TASK TO CARRY OUT ::
Every line from the one with "TheLostWorld görsel 7" through the final line of the data below goes in the answer, copied exactly. Pictures do not.

*** Opening of SOURCE INFORMATION ***

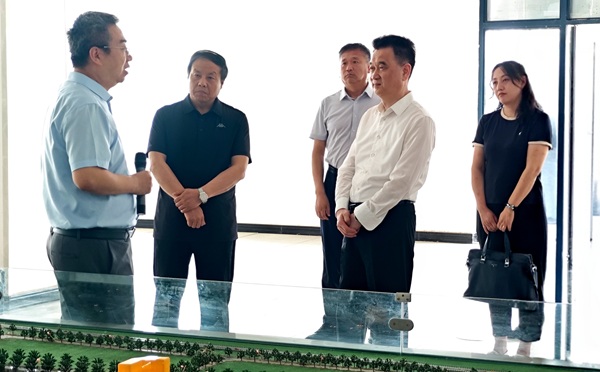 宝鸡市政协围绕“全市生产性服务业优质高效(2022763)-20260617084322.jpg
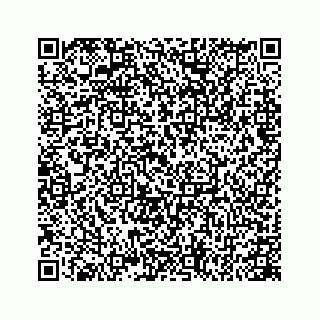 vCard 78446441068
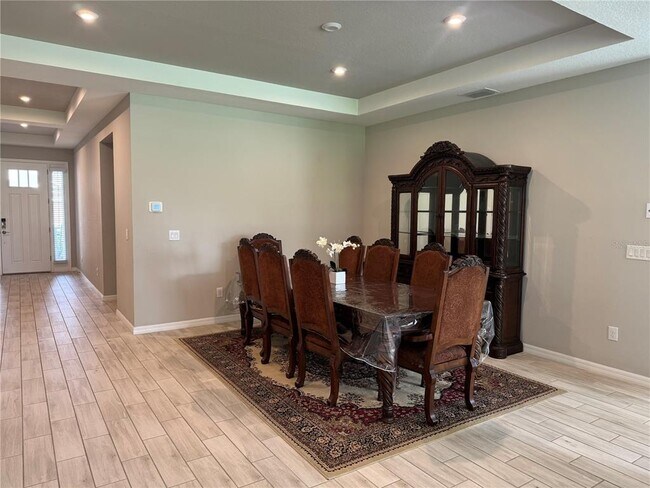 Building Photo - 7298 Bluestem Ct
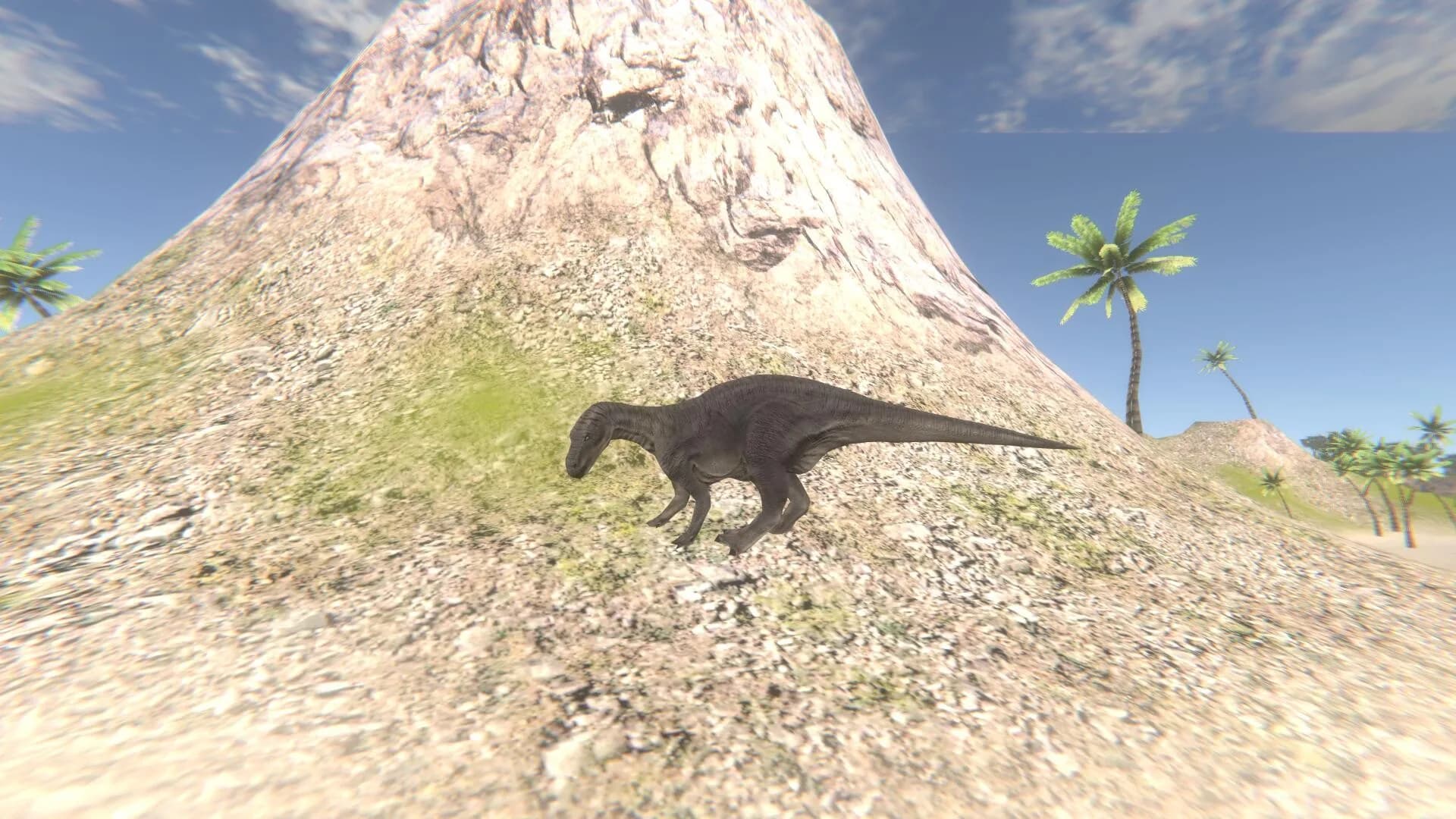 TheLostWorld görsel 7
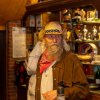 11_03_23 (20)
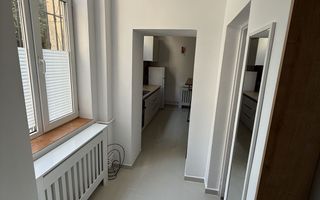 APARTAMENT 2 CAMERE | PIAȚA KOGĂLNICEANU | RENOVAT | - Poză 4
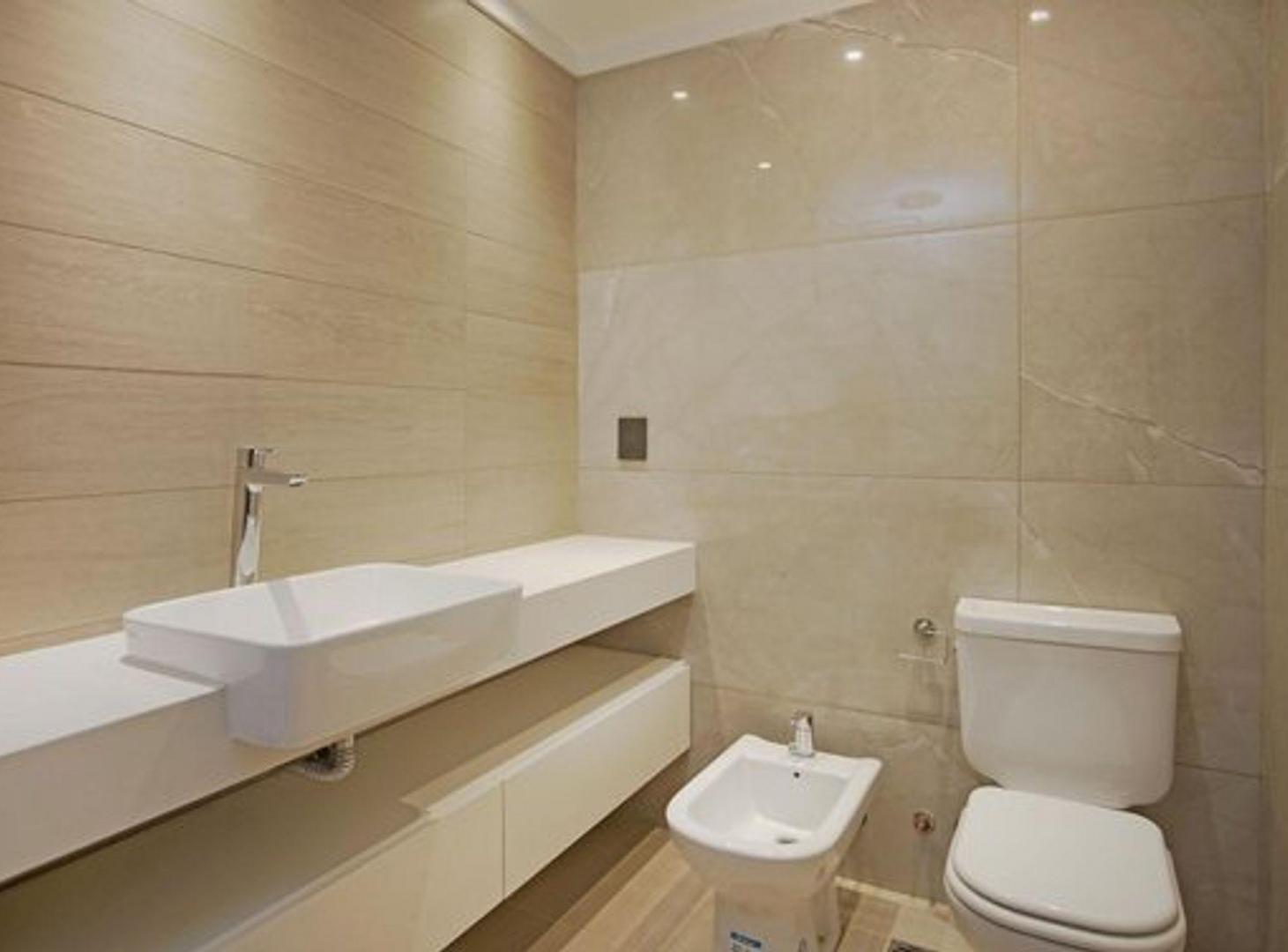 Foto de Valle 445 Piso 3° en venta Caballito, imagen 2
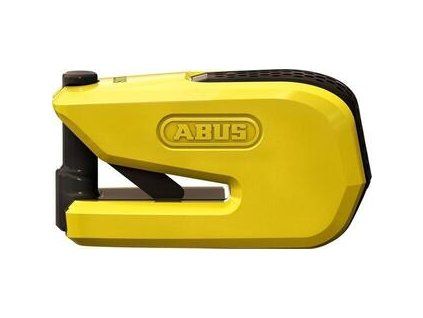 Abus Granit Detecto SmartX 8078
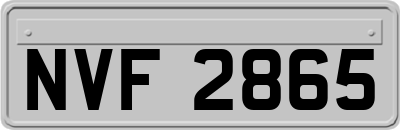 NVF2865
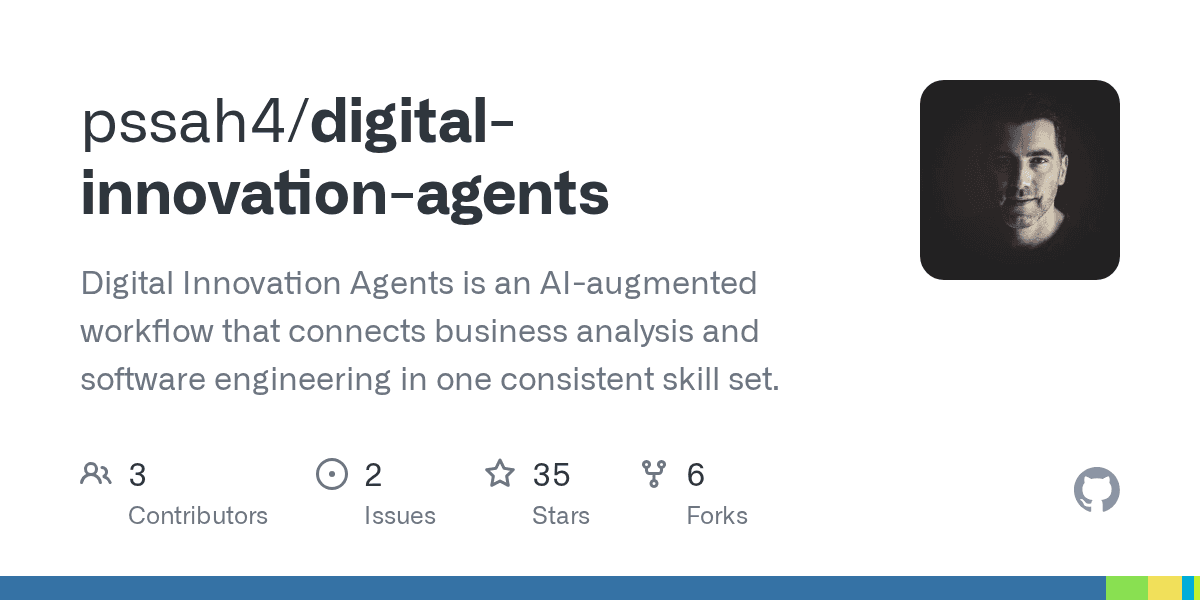 pssah4/digital-innovation-agents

*** Close of SOURCE INFORMATION ***

EXERCISE ANSWER ::
 TheLostWorld görsel 7
 11_03_23 (20)
 APARTAMENT 2 CAMERE | PIAȚA KOGĂLNICEANU | RENOVAT | - Poză 4
 Foto de Valle 445 Piso 3° en venta Caballito, imagen 2
 Abus Granit Detecto SmartX 8078
 NVF2865
 pssah4/digital-innovation-agents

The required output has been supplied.